Recent controversies over whether the Indian actress, Shilpa Shetty, was bullied by the other British contestants due to racism on have sparked a new hype for the Celebrity Big Brother reality show. This incident has rasied even international attention as well as the £3 million withdrawal of commercial sponsorship of Channel 4. As the pretty, upper-class, Indian star gets bullied and boycotted by the three British girls, there are also talks in the US that the government (well, Bush to be exact) is planning to deploy more troop in Iraq… what gets more attention here? Times put it right on,
It says a lot about Britain today that a violent, non-fatal racist attack would generate only a few paragraphs of news coverage. But an on-screen, non-violent row, in which race is a dimension, gets the whole nation talking, and the media and some politicans into a frenzy.
That, though, is the curious power of Big Brother — a format that means little or nothing to the over-40s, but in the post-modern, war-is-only-on-the-news era, it is able to animate millions. Amid all the talk of the death of broadcast television, and the shift to advertising online, there is no clearer reminder of the incredible power of the small screen.
I would recommend for those who have not seen the clips, please see it yourself to feel the ‘power’ of Celebrity Big Brother, if not mass popular culture: Clip (1), (2)
One exerpt of Jade, the main girl who had made touchy remarks directed toward Shilpa, may gave a full-fledge flavor on what this is about,
You need a real life in your life. That is what you need because you’re so stuck up in your ass you cannot think of anything except your own ass. You’re so stuck up in your own ass you can smell your own shit.

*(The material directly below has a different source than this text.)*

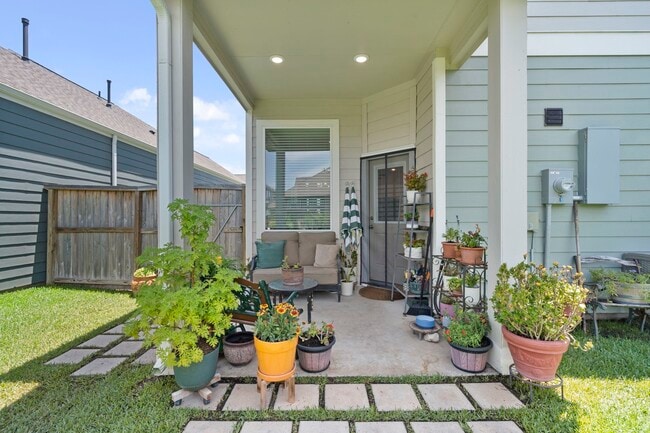 Building Photo - 7907 Starfish Arbor Dr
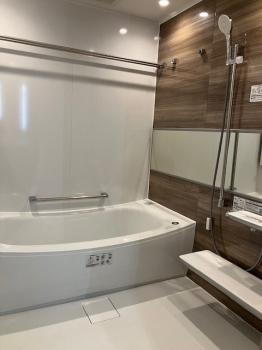 自動洗浄機能付き浴室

In an interview, John McCririck’s, the previous participant of this show sums it up,
‘Institution racism inside her and unconscious of it.. what people in this country who do come from another countries have to endure is the subtle nasty horrible continuous undercurrent of ill-feeling that Daniella is giving her […] Racism is so strong in the country that we ourselves do not understand it.’
You may not agree with what he says, and I have not stayed in this country long enough to make a fair judgement. But living outside my hometown for the real first time, I become much more aware of the attention simly because I am not ‘Western’. One main row in the Big Brother that made me empathize is on food. Shetty got teased at because she put onion in her curry, and that reminded me how some non-Asian folks I met looked at my food and actually said ‘yuck’ or ‘oh that doesn’t look too inviting’ _while I was digging in_. To me, I know that they are kind people, but it diffuses a hinted, subtle kind of ‘outgroupness’ that got to my nerve. But you also ask yourself if this is cultural misunderstanding, or they just do not know that saying things about other food, especially when others are still eating, is considered very ill-mannered in Chinese culture. Also could it be sheer curiosity, and are these legitimate justifications as well?
Finally – I think what the local press have not raised yet is the classism exposed in this incident. The register UK, depicts Jade, the supposedly bully of Shilpa as follow,
Specifically, “Jade Goody, Danielle Lloyd and Jo O’Meara have ganged up on Shetty in the past few days”, while Goody’s mother Jackiey couldn’t pronounce the star’s name and referred to her simply as “the Indian”.
The way this article describes the mother of Jade hinted ignorance of Jade mothers, whether that stemmed from her indifference or class status, we don’t know.
At the end, I just feel severely disturbed by the classism hidden where people were not talking about. As much as Jade has been mean to the other girls, and as much as the other girls ganged up against her, I feel that it is the TV company that capitalize on the constrasting scene between the high-class Indian and ill-manner (which could mean lower-class as well) contestants who happened to be Brits. What do you think of this use of insecurity? On our own class? Gender? Appearance? Or even race?
London is going to get colder soon.
Notes: The title of this blog, ‘race is the new sex’, is a direct quote from the essay Prof. Richard Howells wrote on Borat, which is a fun read as well if you’re interested in this topic.
“Is it Because I is Black?’ Race, Humour and the Polysemiology of Ali G” in the Historical Journal of Film, Radio and Television Volume 26, Number 2, June 2006, pp. 155- 177. ISSN 0143-9685.